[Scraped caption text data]

=== Begin Enclosure ===

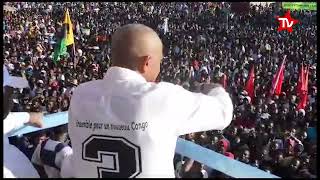 MOISE KATUMBI LANCEMENT DE LA CAMPAGNE A KISANGANI POUR LES ELECTIONS PRESIDENTIELLE 2023 [upl. by Lebasi]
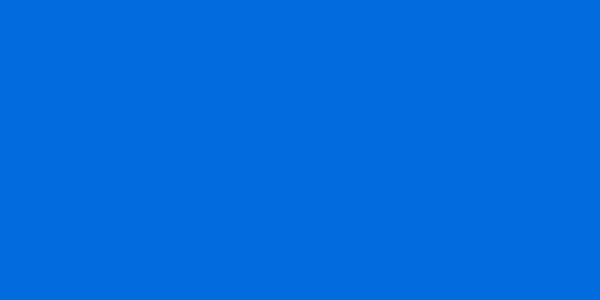 Amostra de cor para o código hexadecimal #026bdd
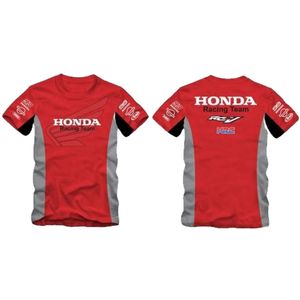 Camiseta Honda Vermelha 260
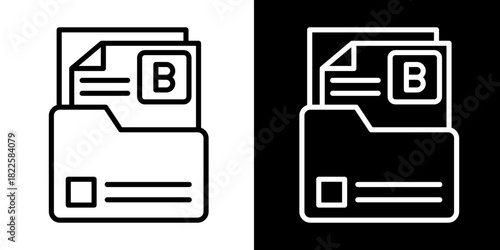 Folder  Icon Set White Mix Style Collection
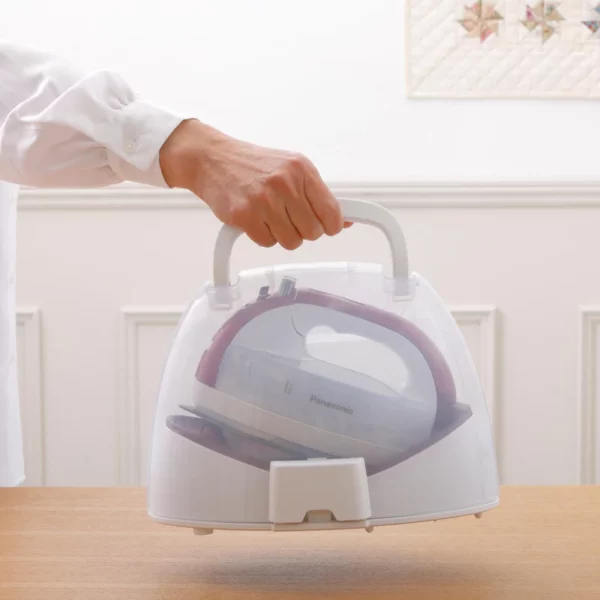 Panasonic Cordless Advanced Ceramic Quilting Iron Red - Image 5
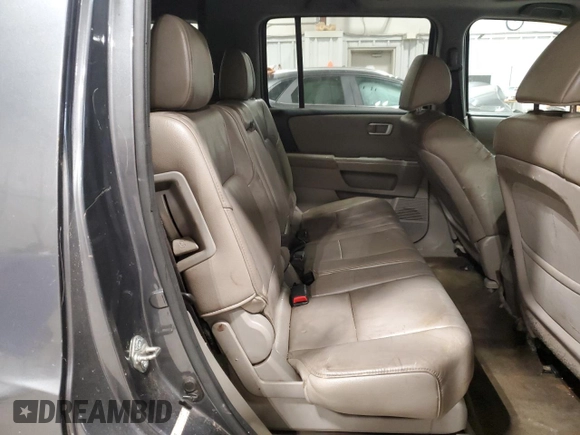 2013 Honda Pilot EX-L with VIN 5FNYF4H53DB022008, listed as a Copart auction lot 57684135 with 102,632 mi miles and Clean title. Bid and sale history available at DreamBid. Image 11.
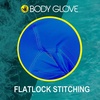image:imageBody Glove  Juniors Basic Fitted Short Sleeve Rash GuardRoyal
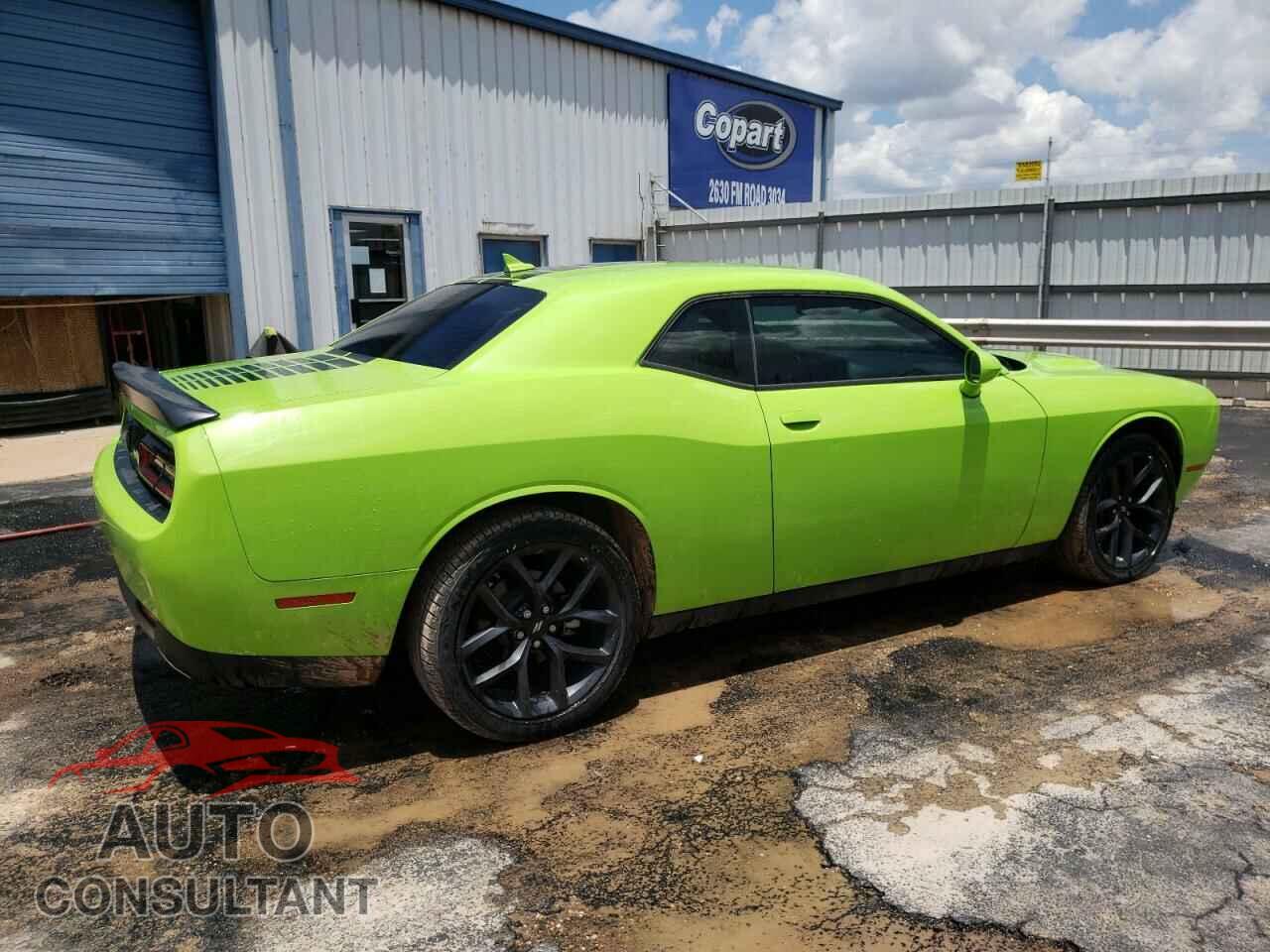 DODGE CHALLENGER 2023 - 2C3CDZAG6PH550007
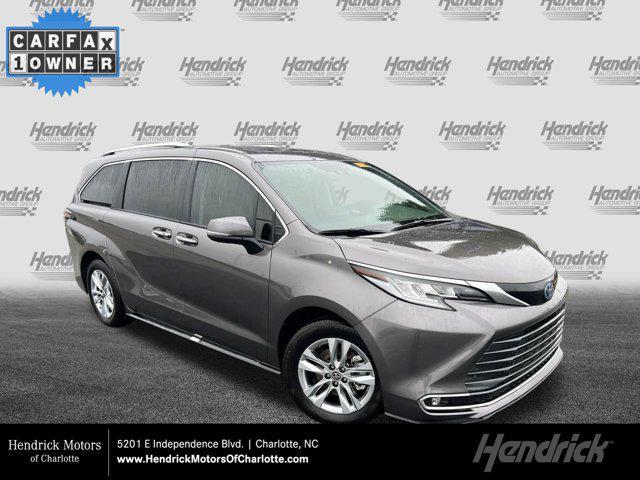 used 2023 Toyota Sienna car, priced at $51,990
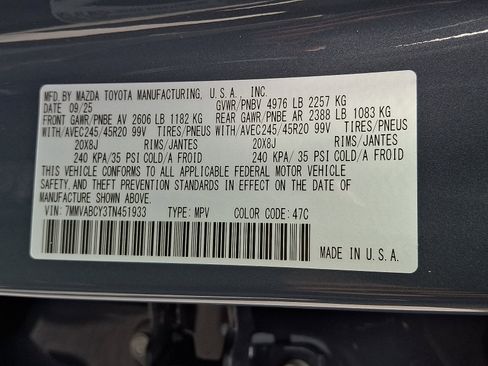 New 2026 MAZDA CX-50 AWD 2.5 S w/ Cargo Package image 24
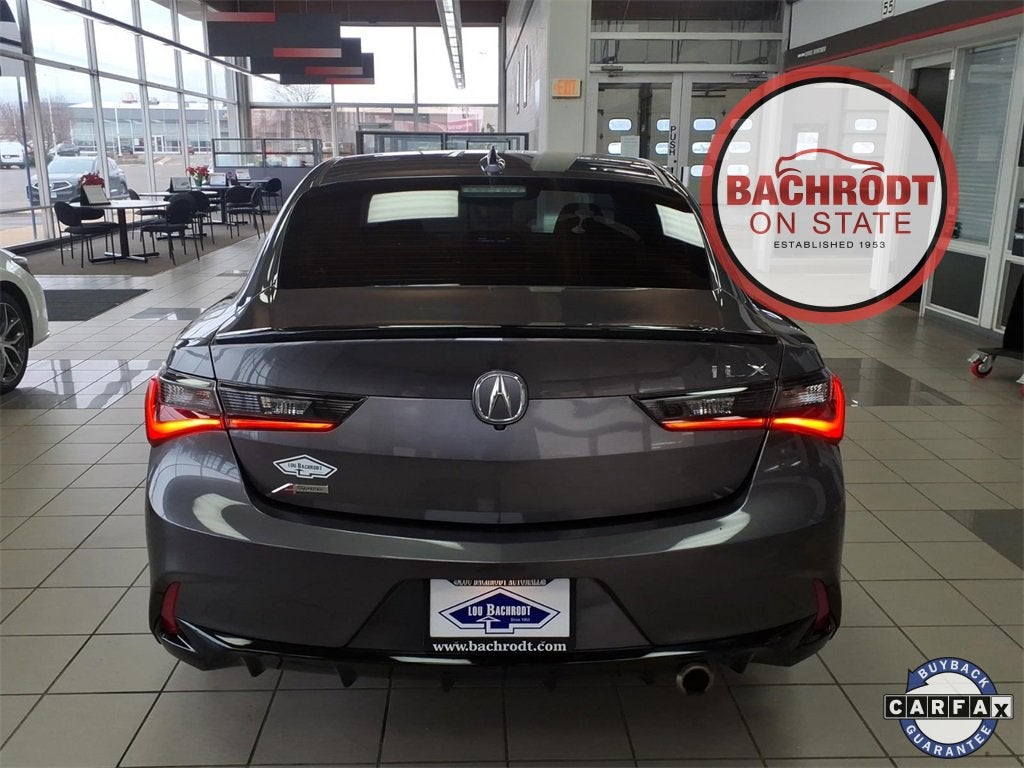 2019 Acura ILX w/Premium/A-Spec Pkg
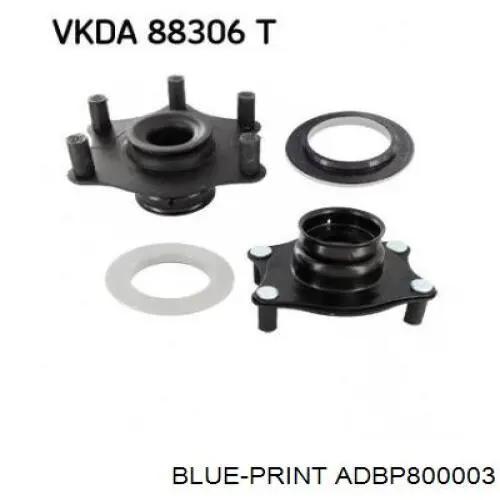 ADBP800003 Blue Print soporte amortiguador delantero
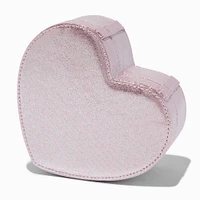 Pink Heart Jewelry Box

=== End Enclosure ===

*TO DO:* Extract exactly the lines above from the line containing "DODGE CHALLENGER 2023 - 2C3CDZAG6PH550007" through the last one, both ends included, but not the pictures.

*TASK RESPONSE:*
 DODGE CHALLENGER 2023 - 2C3CDZAG6PH550007
 used 2023 Toyota Sienna car, priced at $51,990
 New 2026 MAZDA CX-50 AWD 2.5 S w/ Cargo Package image 24
 2019 Acura ILX w/Premium/A-Spec Pkg
 ADBP800003 Blue Print soporte amortiguador delantero
 Pink Heart Jewelry Box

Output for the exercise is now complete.